Washington has seen a seemingly endless march of protestors since President Donald Trump's inauguration Jan. 20. Women and those who support them flooded the city the day after Jan. 21. That was followed by demonstrations on immigration policy, health care policy, public education — you name it and people show up for the cause.
This weekend, on Earth Day, people from near and far will descend on the nation's capital in support of science. The march and rally are planned for Saturday to urge politicians to create policy backed by science. And while people are marching in the District of Columbia, there will be 609 satellite marches across the world. If you want to get involved you can look up a march near you. There are also posters on the March for Science website created specifically for the events available for download and printing.

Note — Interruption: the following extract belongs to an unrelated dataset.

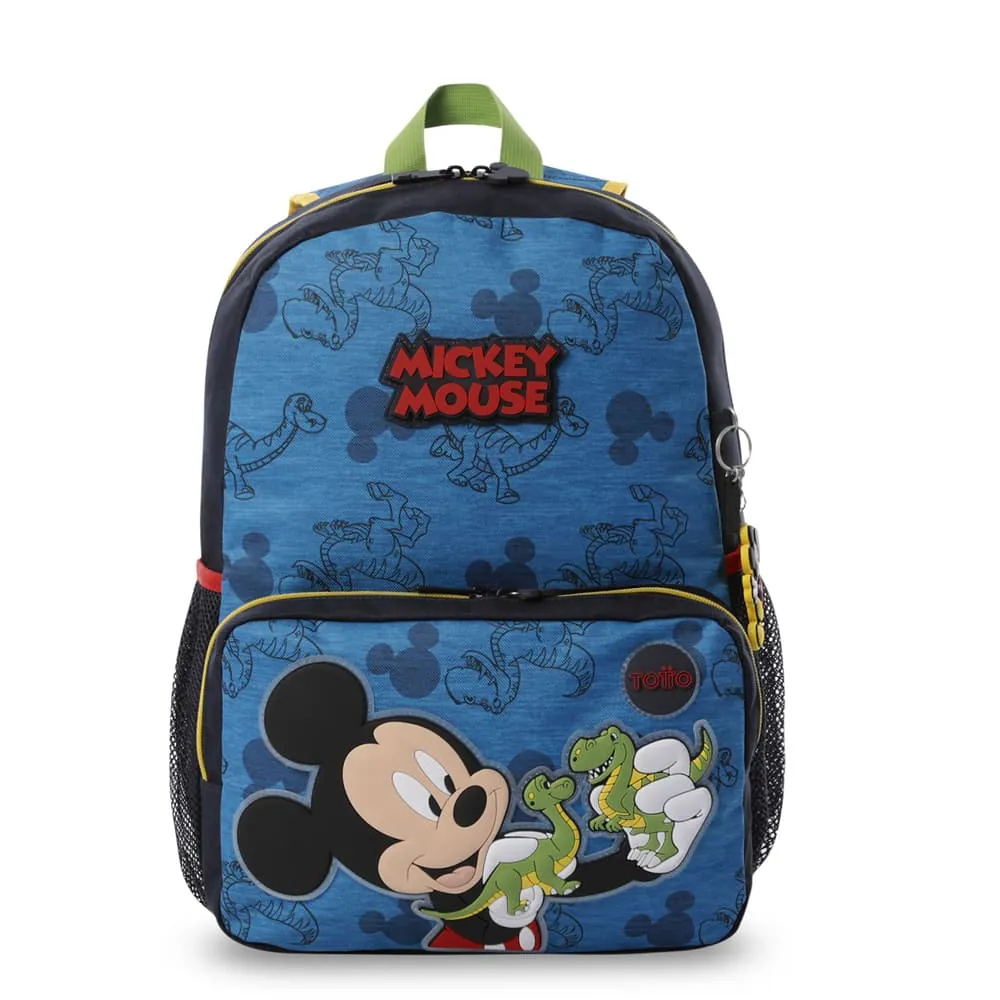 Morral Niño Mickey Mediano Azul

Washington March for Science Schedule:
Participants in D.C. are getting an early start on Saturday. They'll begin meeting up at 8 a.m. just north of the Washington Monument. Entrances with security checks will be at the intersection of Constitution Avenue NW and 17th Street NW, and 15th Street NW and Madison Drive, according to the March for Science website.

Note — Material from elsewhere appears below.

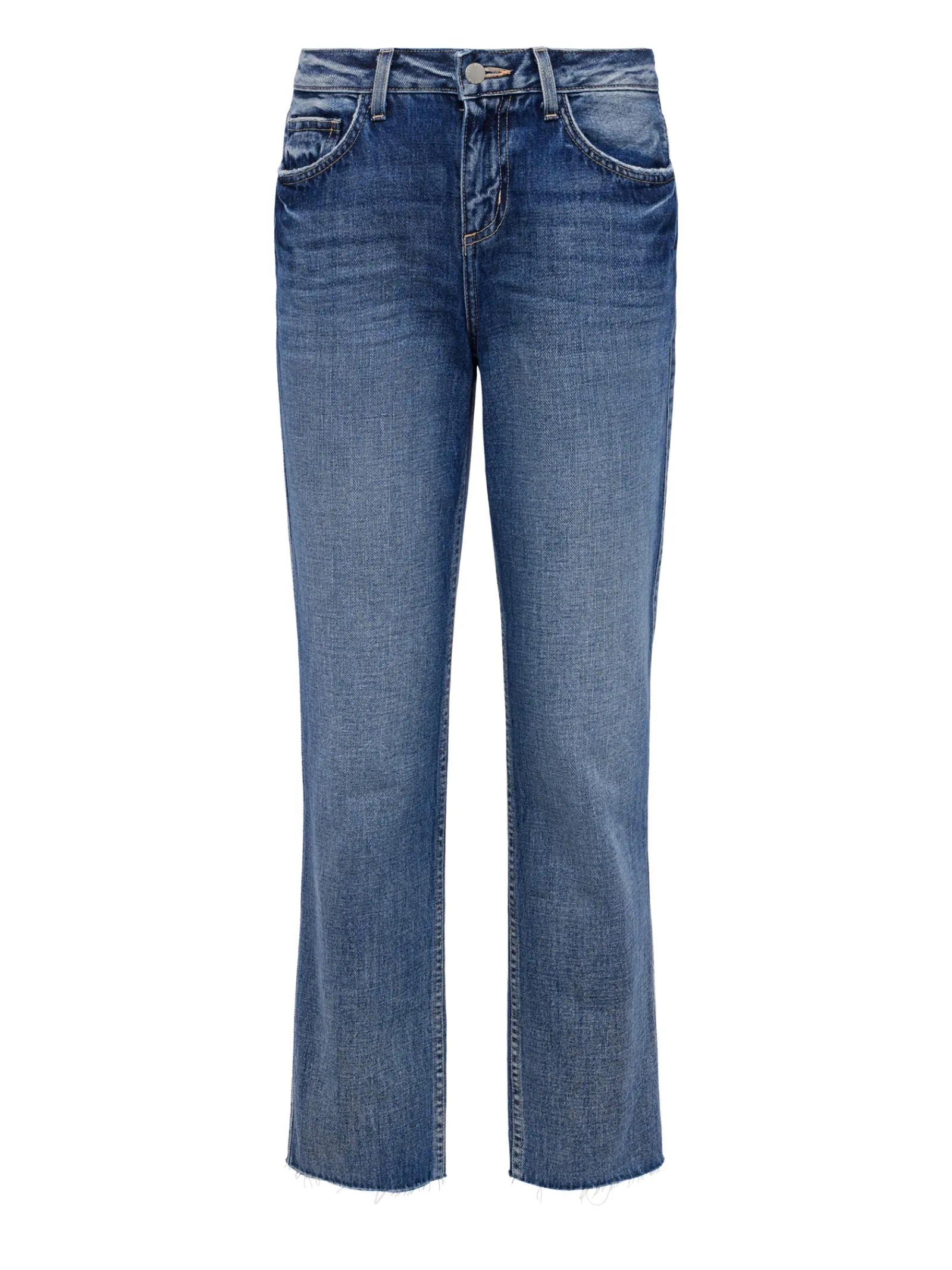 L'AGENCE Spring '24 Catalog|Straight|Milana Slouchy Stovepipe Jean Granada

Teach-ins, like the ones that kicked off the first ever Earth Day in 1970, will begin at 9 a.m. in designated teach-in tents. The main programming, including speakers, will begin at 10 a.m.

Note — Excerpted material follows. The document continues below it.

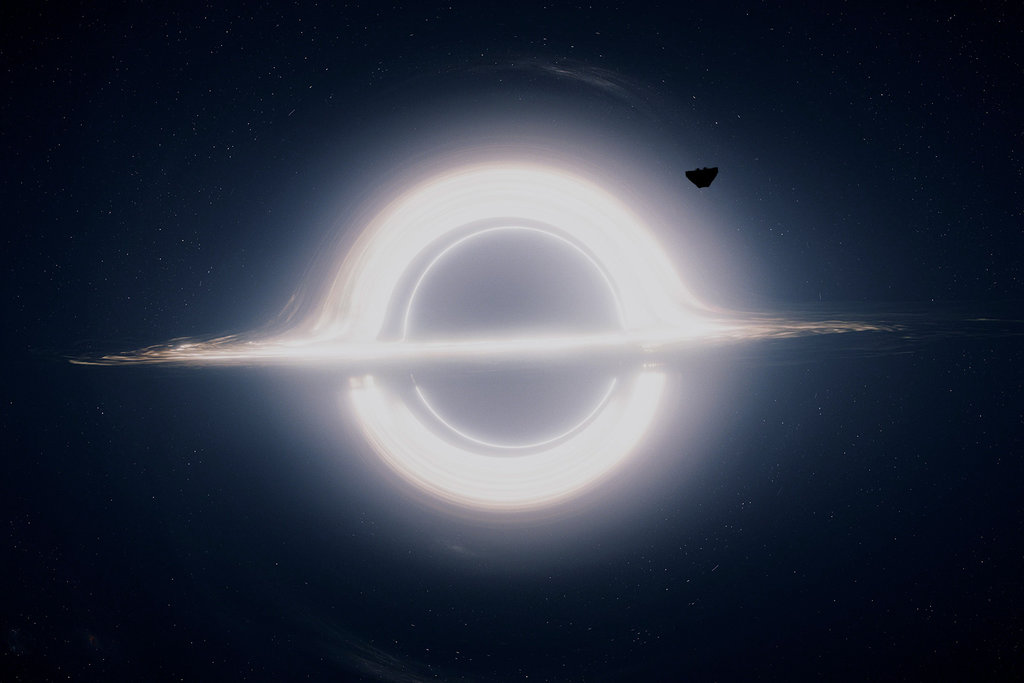 Elite Dangerous Black Hole From Interstellar By Raketmaskinendk On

Who Is Going To The March For Science?:
Millions of people will turn out for the marches across the world. The D.C. march has an impressive lineup of celebrities, activists, scientists, educators and more. A few of the speakers in attendance will include co-host Questlove, Bill Nye (the Science Guy), Mari Copeny (Little Miss Flint), Dan Abrams (global director of Earth Day) and world-renowned scientists and researchers. Rep. Bill Foster, D-Ill., the only member of Congress with a doctorate in physics, will be attending and marching as well. He says he'll be marching as a member of the scientific community, not a member of Congress, the Hill reported. A full list of the speakers attending the Washington march is available here.
March for Science D.C. route:
After the speakers on the main stage conclude the program, the crowd will march up Constitution Avenue toward the Capitol reflecting pool, ending up and dispersing in front of the Capitol on 3rd Street NW.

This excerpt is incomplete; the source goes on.